ACTION ITEM -> Reproduce the complete set of records, exactly as they appear.

╭─ DATA LISTING

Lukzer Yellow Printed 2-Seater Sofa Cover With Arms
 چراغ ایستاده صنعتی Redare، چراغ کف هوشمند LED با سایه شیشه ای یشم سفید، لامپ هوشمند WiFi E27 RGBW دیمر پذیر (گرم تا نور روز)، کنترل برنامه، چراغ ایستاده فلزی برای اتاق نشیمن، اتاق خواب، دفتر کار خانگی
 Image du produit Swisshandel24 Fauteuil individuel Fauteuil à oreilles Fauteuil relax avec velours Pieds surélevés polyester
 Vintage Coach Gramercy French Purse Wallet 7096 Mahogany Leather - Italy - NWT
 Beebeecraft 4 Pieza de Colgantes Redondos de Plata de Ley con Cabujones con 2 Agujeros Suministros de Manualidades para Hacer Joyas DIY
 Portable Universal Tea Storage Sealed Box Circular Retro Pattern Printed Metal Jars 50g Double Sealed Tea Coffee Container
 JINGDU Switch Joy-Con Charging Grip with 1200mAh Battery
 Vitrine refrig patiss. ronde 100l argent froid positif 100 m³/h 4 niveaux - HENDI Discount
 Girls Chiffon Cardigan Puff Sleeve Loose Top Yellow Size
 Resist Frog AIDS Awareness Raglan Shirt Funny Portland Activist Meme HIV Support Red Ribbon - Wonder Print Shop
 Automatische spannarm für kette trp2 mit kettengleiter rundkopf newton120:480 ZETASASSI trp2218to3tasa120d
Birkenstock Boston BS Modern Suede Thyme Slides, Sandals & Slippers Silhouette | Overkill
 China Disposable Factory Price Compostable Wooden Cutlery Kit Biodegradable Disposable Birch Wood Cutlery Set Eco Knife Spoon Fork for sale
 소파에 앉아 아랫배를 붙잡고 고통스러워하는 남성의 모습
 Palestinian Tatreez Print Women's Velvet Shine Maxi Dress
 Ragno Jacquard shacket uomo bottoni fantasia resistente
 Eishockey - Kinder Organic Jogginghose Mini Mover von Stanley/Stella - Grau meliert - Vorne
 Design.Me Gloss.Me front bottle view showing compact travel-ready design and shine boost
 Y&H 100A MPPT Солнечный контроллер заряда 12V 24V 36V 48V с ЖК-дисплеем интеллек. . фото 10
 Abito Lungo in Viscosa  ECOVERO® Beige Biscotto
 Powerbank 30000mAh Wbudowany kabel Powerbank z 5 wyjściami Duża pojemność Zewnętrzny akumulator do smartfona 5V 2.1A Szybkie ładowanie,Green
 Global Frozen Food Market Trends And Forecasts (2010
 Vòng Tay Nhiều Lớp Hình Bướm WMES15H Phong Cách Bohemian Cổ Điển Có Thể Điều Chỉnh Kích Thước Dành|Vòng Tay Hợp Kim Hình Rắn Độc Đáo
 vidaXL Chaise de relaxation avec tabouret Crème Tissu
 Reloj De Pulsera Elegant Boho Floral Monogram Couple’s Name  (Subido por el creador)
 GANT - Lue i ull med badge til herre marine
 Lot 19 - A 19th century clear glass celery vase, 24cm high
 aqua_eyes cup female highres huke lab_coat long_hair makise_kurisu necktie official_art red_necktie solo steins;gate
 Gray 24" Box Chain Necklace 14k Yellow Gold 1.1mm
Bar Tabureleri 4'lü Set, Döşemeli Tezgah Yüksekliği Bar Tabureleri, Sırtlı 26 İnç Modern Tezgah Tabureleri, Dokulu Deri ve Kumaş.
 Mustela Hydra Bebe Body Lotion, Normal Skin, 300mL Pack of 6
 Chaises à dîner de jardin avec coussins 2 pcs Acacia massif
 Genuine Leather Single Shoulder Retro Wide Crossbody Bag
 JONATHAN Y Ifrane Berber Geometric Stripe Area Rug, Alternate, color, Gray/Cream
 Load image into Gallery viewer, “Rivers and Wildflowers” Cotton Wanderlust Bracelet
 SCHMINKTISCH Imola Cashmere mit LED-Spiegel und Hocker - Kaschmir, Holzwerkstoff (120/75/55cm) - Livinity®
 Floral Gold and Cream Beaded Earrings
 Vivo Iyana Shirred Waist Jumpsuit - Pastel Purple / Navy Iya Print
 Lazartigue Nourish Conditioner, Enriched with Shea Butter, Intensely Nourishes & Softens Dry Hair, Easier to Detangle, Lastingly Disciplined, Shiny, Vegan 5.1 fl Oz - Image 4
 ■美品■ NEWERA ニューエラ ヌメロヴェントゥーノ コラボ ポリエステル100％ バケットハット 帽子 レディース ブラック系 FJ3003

╰─

EXERCISE RESPONSE ->
Lukzer Yellow Printed 2-Seater Sofa Cover With Arms
 چراغ ایستاده صنعتی Redare، چراغ کف هوشمند LED با سایه شیشه ای یشم سفید، لامپ هوشمند WiFi E27 RGBW دیمر پذیر (گرم تا نور روز)، کنترل برنامه، چراغ ایستاده فلزی برای اتاق نشیمن، اتاق خواب، دفتر کار خانگی
 Image du produit Swisshandel24 Fauteuil individuel Fauteuil à oreilles Fauteuil relax avec velours Pieds surélevés polyester
 Vintage Coach Gramercy French Purse Wallet 7096 Mahogany Leather - Italy - NWT
 Beebeecraft 4 Pieza de Colgantes Redondos de Plata de Ley con Cabujones con 2 Agujeros Suministros de Manualidades para Hacer Joyas DIY
 Portable Universal Tea Storage Sealed Box Circular Retro Pattern Printed Metal Jars 50g Double Sealed Tea Coffee Container
 JINGDU Switch Joy-Con Charging Grip with 1200mAh Battery
 Vitrine refrig patiss. ronde 100l argent froid positif 100 m³/h 4 niveaux - HENDI Discount
 Girls Chiffon Cardigan Puff Sleeve Loose Top Yellow Size
 Resist Frog AIDS Awareness Raglan Shirt Funny Portland Activist Meme HIV Support Red Ribbon - Wonder Print Shop
 Automatische spannarm für kette trp2 mit kettengleiter rundkopf newton120:480 ZETASASSI trp2218to3tasa120d
Birkenstock Boston BS Modern Suede Thyme Slides, Sandals & Slippers Silhouette | Overkill
 China Disposable Factory Price Compostable Wooden Cutlery Kit Biodegradable Disposable Birch Wood Cutlery Set Eco Knife Spoon Fork for sale
 소파에 앉아 아랫배를 붙잡고 고통스러워하는 남성의 모습
 Palestinian Tatreez Print Women's Velvet Shine Maxi Dress
 Ragno Jacquard shacket uomo bottoni fantasia resistente
 Eishockey - Kinder Organic Jogginghose Mini Mover von Stanley/Stella - Grau meliert - Vorne
 Design.Me Gloss.Me front bottle view showing compact travel-ready design and shine boost
 Y&H 100A MPPT Солнечный контроллер заряда 12V 24V 36V 48V с ЖК-дисплеем интеллек. . фото 10
 Abito Lungo in Viscosa  ECOVERO® Beige Biscotto
 Powerbank 30000mAh Wbudowany kabel Powerbank z 5 wyjściami Duża pojemność Zewnętrzny akumulator do smartfona 5V 2.1A Szybkie ładowanie,Green
 Global Frozen Food Market Trends And Forecasts (2010
 Vòng Tay Nhiều Lớp Hình Bướm WMES15H Phong Cách Bohemian Cổ Điển Có Thể Điều Chỉnh Kích Thước Dành|Vòng Tay Hợp Kim Hình Rắn Độc Đáo
 vidaXL Chaise de relaxation avec tabouret Crème Tissu
 Reloj De Pulsera Elegant Boho Floral Monogram Couple’s Name  (Subido por el creador)
 GANT - Lue i ull med badge til herre marine
 Lot 19 - A 19th century clear glass celery vase, 24cm high
 aqua_eyes cup female highres huke lab_coat long_hair makise_kurisu necktie official_art red_necktie solo steins;gate
 Gray 24" Box Chain Necklace 14k Yellow Gold 1.1mm
Bar Tabureleri 4'lü Set, Döşemeli Tezgah Yüksekliği Bar Tabureleri, Sırtlı 26 İnç Modern Tezgah Tabureleri, Dokulu Deri ve Kumaş.
 Mustela Hydra Bebe Body Lotion, Normal Skin, 300mL Pack of 6
 Chaises à dîner de jardin avec coussins 2 pcs Acacia massif
 Genuine Leather Single Shoulder Retro Wide Crossbody Bag
 JONATHAN Y Ifrane Berber Geometric Stripe Area Rug, Alternate, color, Gray/Cream
 Load image into Gallery viewer, “Rivers and Wildflowers” Cotton Wanderlust Bracelet
 SCHMINKTISCH Imola Cashmere mit LED-Spiegel und Hocker - Kaschmir, Holzwerkstoff (120/75/55cm) - Livinity®
 Floral Gold and Cream Beaded Earrings
 Vivo Iyana Shirred Waist Jumpsuit - Pastel Purple / Navy Iya Print
 Lazartigue Nourish Conditioner, Enriched with Shea Butter, Intensely Nourishes & Softens Dry Hair, Easier to Detangle, Lastingly Disciplined, Shiny, Vegan 5.1 fl Oz - Image 4
 ■美品■ NEWERA ニューエラ ヌメロヴェントゥーノ コラボ ポリエステル100％ バケットハット 帽子 レディース ブラック系 FJ3003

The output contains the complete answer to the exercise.